The Appellate Division held the following issue determinative in this case: Whether the product contained an ingredient "to which a substantial number of the population are allergic" and if so, whether there was adequate warning against the possibility of such an allergic reaction. The court explained: "(If) the allergy is one common to any substantial number of possible users, the seller may be required at least to give warning of the danger." 249 N.Y.S.2d at 845.
Applying this test, the court held that plaintiff had failed to satisfy her burden and did not show that defendant was remiss in not warning the defendant since she had not proven
(1) that she was one of a substantial number or of an identifiable class of persons who were allergic to defendant's product, and (2) that defendant knew or with reasonable diligence should have known of the existence of such number or class of persons.
249 N.Y.S.2d at 848.
In the present case, defendant has shown that the only substantial identifiable class of persons predictably allergic to the swine flu vaccine were those allergic to egg. Defendant specifically and adequately warned against the risk of such an allergic reaction in its informed consent form and in the notice in the registration area.

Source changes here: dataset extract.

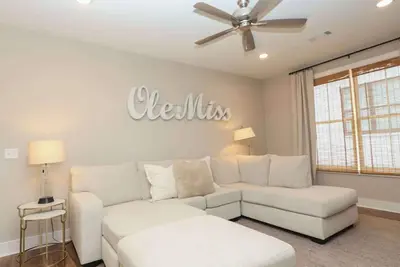 Image de 'Sip and Stay by Apex Short Term Stays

In addition, there was also a general warning of the possibility of an allergic reaction in the consent form. Plaintiff is not among the group of egg-sensitive individuals and thus, it was not reasonably foreseeable that she would react in the manner that she did to the inoculation. Therefore, defendant is not liable for the failure to warn plaintiff more particularly against her specific reaction. The general warning of the possibility of an allergic reaction was sufficient and adequate.*
Plaintiff has failed to establish by a preponderance of all credible evidence any negligence on the part of the United States in failing to adequately warn of the risks of the swine flu vaccine. Plaintiff was warned of all reasonably foreseeable risks. Plaintiff's consent to the vaccination was informed. A reasonably prudent person, having been informed of these risks, would not have foregone the shot based on these warnings.
Plaintiff, therefore, has failed to satisfy her burden of proof in this action. Accordingly, defendant is entitled to judgment on the merits.
The foregoing shall constitute the court's Findings of Fact and Conclusions of Law pursuant to Rule 52(a) of the Federal Rules of Civil Procedure.